Overall, advances in NIPU synthesis have demonstrated significant potential to address several limitations commonly associated with conventional PU materials. Nevertheless, the production of cyclic carbonates remains in the early stages of development and has yet to be scaled for industrial application. Additionally, improved control over WNIPU synthesis is necessary to prevent hydrolysis of cyclic carbonates during polymerization. A more comprehensive understanding of the chemical polymerization kinetics in hybrid NIPU systems is also essential for further progress. Finally, challenges related to foam formation—such as the requirement for elevated temperatures or reliance on external blowing agents—must be overcome to facilitate broader industrial adoption [139].
While dynamic covalent networks and reprocessable polyurethane systems offer promising pathways toward material circularity, it should be noted that most closed-loop recycling and reprocessing strategies reported to date remain at the laboratory or proof-of-concept level. The translation of these approaches to industrial-scale implementation faces several challenges, including process complexity, energy input, and long-term material performance. Ongoing efforts toward pilot-scale validation highlight both the potential and the remaining technical barriers associated with scalable closed-loop polyurethane systems.
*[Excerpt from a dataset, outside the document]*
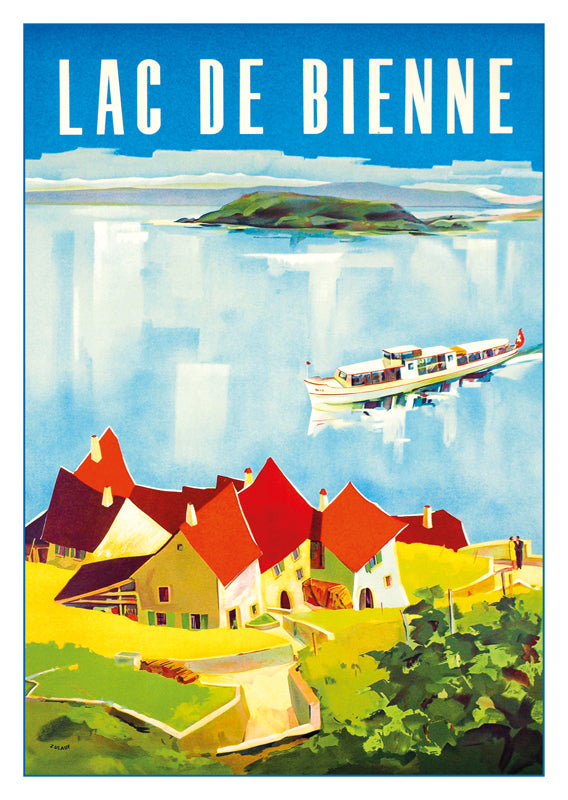 A-10840 - LAC DE BIENNE - Poster by Walter Zulauf about 1950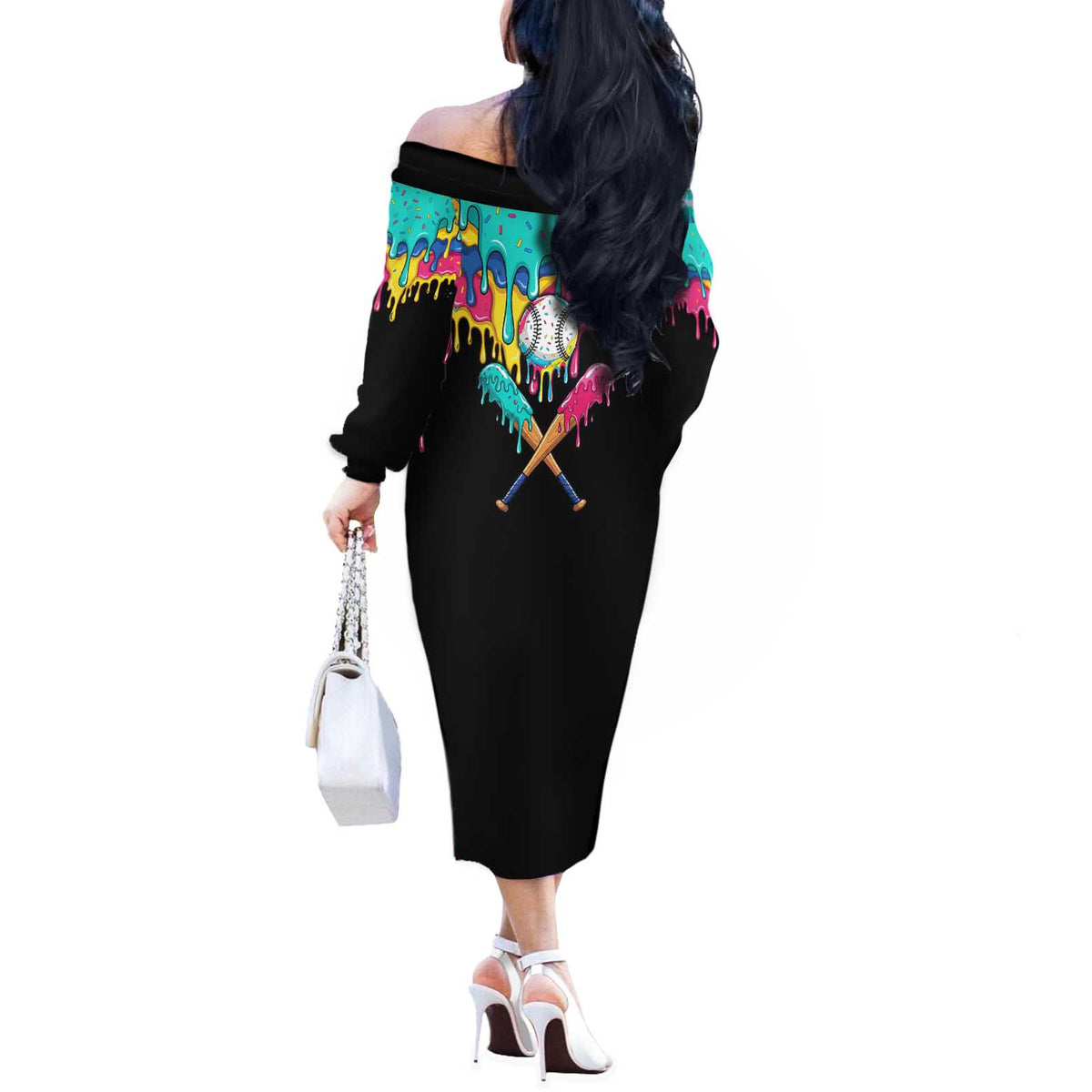 100 Days of School Baseball Off The Shoulder Long Sleeve Dress with Sweet Melting Drip Pattern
3. PU Closed-Loop Recycling from Monomer Recovery to Polymer Reprocessing

This section categorizes PU closed-loop recycling strategies into two major, complementary approaches. The first, chemical recycling, targets molecular-level closed-loop systems by selectively cleaving urethane and related bonds to recover polyols and amines (or isocyanate precursors), which can subsequently be reused for repolymerization (Section 3.1) [9]. In this context, various depolymerization pathways—including hydrolysis, acidolysis, aminolysis, and glycolysis—have been explored. Key parameters influencing process scalability include reaction selectivity, suppression of side reactions, purification efficiency, and the quality of recovered feedstocks [10].
The subsequent section focuses on recycling strategies based on dynamic covalent frameworks. Unlike complete bond scission, this approach enables reprocessability via bond-exchange reactions that rearrange the network topology while preserving the covalent backbone. By employing covalent adaptable network (CAN) designs, it becomes possible to simultaneously achieve the structural stability characteristic of thermosets and the reprocessability associated with thermoplastics (Section 3.2). In PU-CAN systems, transcarbamoylation of urethane linkages plays a central role, with either associative or dissociative mechanisms realized depending on the exchange pathway. These dynamic processes enable stress relaxation, reshaping, and ultimately extend the potential for foam-to-foam circular recycling [19].
Accordingly, this section integrates the complementary perspectives of depolymerization–repolymerization via monomer or feedstock recovery and network-preserving polymer reprocessing. In doing so, PU recycling is framed not merely as a matter of single-process optimization, but as a closed-loop platform in which material design, reaction mechanisms, and process engineering are systematically interconnected.
From a life-cycle and system-level sustainability perspective, the environmental relevance of closed-loop polyurethane recycling has been quantitatively evaluated through life cycle assessment (LCA) studies. For example, Marson et al. performed a comparative LCA of polyurethane foams produced using polyols obtained through glycolysis and those based on conventional virgin polyols [140]. Their results demonstrated that formulations containing 50–75% recycled polyol exhibited consistently lower environmental impacts across multiple categories, including climate change and fossil resource use. Specifically, reductions of approximately 15% in global warming potential and 17% in fossil resource use were reported compared with the reference virgin polyurethane foam, provided that key physical properties such as density and thermal conductivity were maintained. These findings suggest that dynamic, network-preserving recycling strategies can contribute not only to material circularity but also to measurable environmental benefits when appropriately implemented.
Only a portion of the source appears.